Heike Wedekind (née Lätzsch, born 19 December 1973 in Braunschweig, Lower Saxony) is a former field hockey striker from Germany, who won the gold medal with the Women's National Team at the 2004 Summer Olympics in Athens, Greece.

She made her international debut in 1990 at the age of sixteen at the World Cup in Sydney, Australia. After having played in four consecutive Summer Olympics, starting in 1992, Lätzsch retired in 2004, after the Athens Games. In total, she represented Germany in 250 matches.

She is a fully qualified lawyer and a certified data protection officer, and currently works as a data protection consultant and lead of the Cologne office of the company datenschutz süd GmbH.

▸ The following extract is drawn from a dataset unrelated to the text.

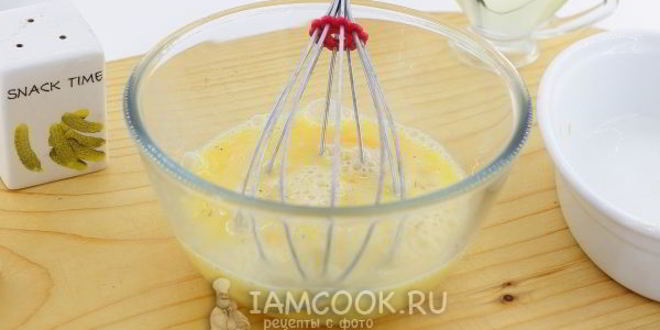 Рецепт омлет с колбасой и сыром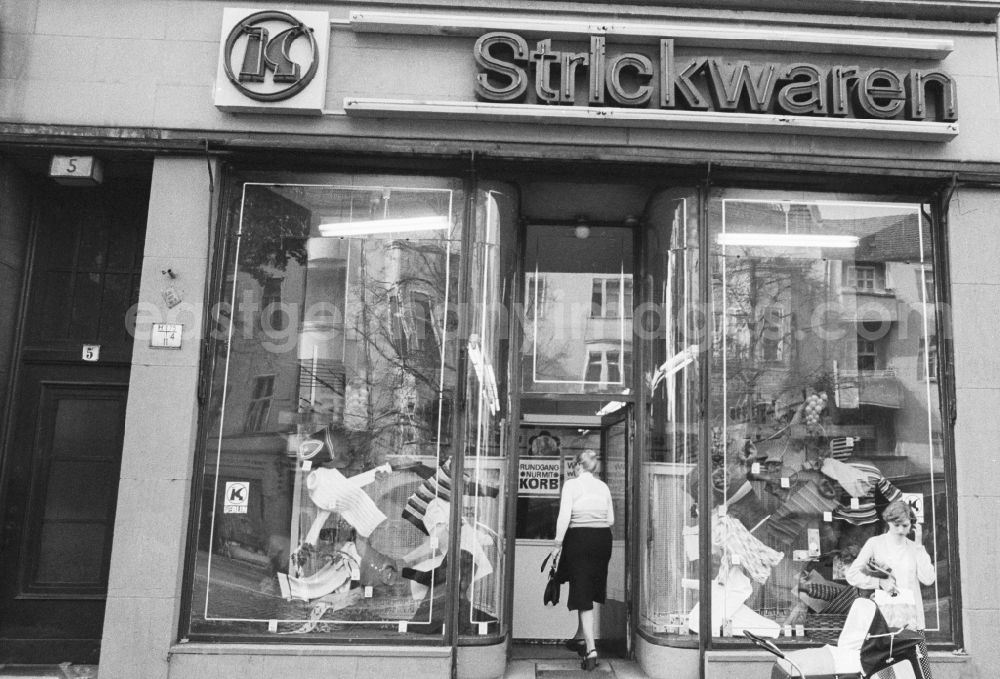 GDR photo archive: Berlin - Shopwindow for retail store in the road Ossietzkystrasse in Berlin-Pankow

==International senior tournaments==
- 1990 - World Cup, Sydney (8th place)
- 1991 - European Nations Cup, Brussels (2nd place)
- 1992 - Summer Olympics, Barcelona (2nd place)
- 1994 - World Cup, Dublin (4th place)
- 1995 - European Nations Cup, Amstelveen (3rd place)
- 1995 - Champions Trophy, Mar del Plata (4th place)
- 1995 - Olympic Qualifying Tournament, Cape Town (3rd place)
- 1996 - Summer Olympics, Atlanta (6th place)
- 1997 - Champions Trophy, Berlin (2nd place)
- 1998 - World Cup, Utrecht (3rd place)
- 1999 - Champions Trophy, Brisbane (3rd place)
- 1999 - European Nations Cup, Cologne (2nd place)
- 2000 - Olympic Qualifying Tournament, Milton Keynes (3rd place)
- 2000 - Champions Trophy, Amstelveen (2nd place)
- 2000 - Summer Olympics, Sydney (7th place)
- 2002 - World Cup, Perth (7th place)
- 2004 - Olympic Qualifier, Auckland (4th place)
- 2004 - Summer Olympics, Athens (1st place)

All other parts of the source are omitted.